Hello all my name is David. I am on a quest, i have been reading about masons for a while now and just found out that both my grandfathers were Prince Hall Masons. Any information you can offer to point in the right direction would be great and i hope at the end of this quest I too can call you brothers.


----------



## Beathard (May 15, 2011)

Welcome.


----------



## Bro.BruceBenjamin (May 15, 2011)

Welcome to the forums my brother.


----------



## jwhoff (May 15, 2011)

Welcome.  Seek and ye shall find.  Stay hungry!


----------



## Bro.
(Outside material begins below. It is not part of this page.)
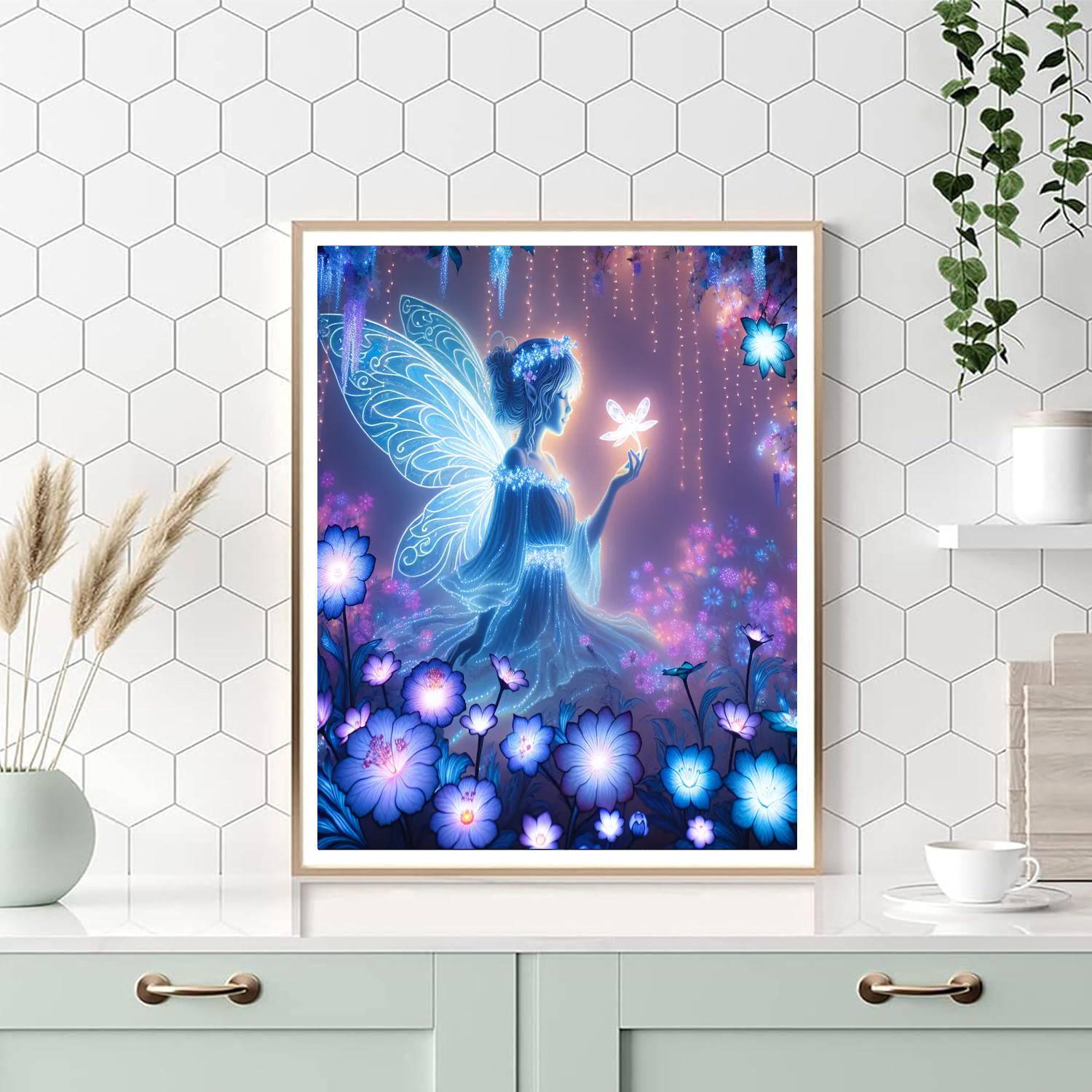 Mystical Fairy Glow-in-the-dark Garden Paint By Numbers Art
Stewart P.M. (May 16, 2011)

Welcome to the Community!

_PS ~ I responded back to your PM with some links to more information._


----------



## Bro. Brad Marrs (May 16, 2011)

Welcome aboard! Have you visited a Lodge and talked to anyone yet? Don't be shy, visiting is normally one of the first steps.


----------



## Roach (May 17, 2011)

Thanks, I hope to visit a lodge soon. I have been talking with a colleague and a neighbor which has been really great.


----------



## JTM (May 18, 2011)

welcome to the boards.


----------



## Michael Hatley (May 22, 2011)

Welcome, and good luck moving forward.  I'm in Houston, and being from a PH family the choice of where to go may be straightforward.  But, if you decide to go the less direct path then PM me and I'll do what I can to help.


----------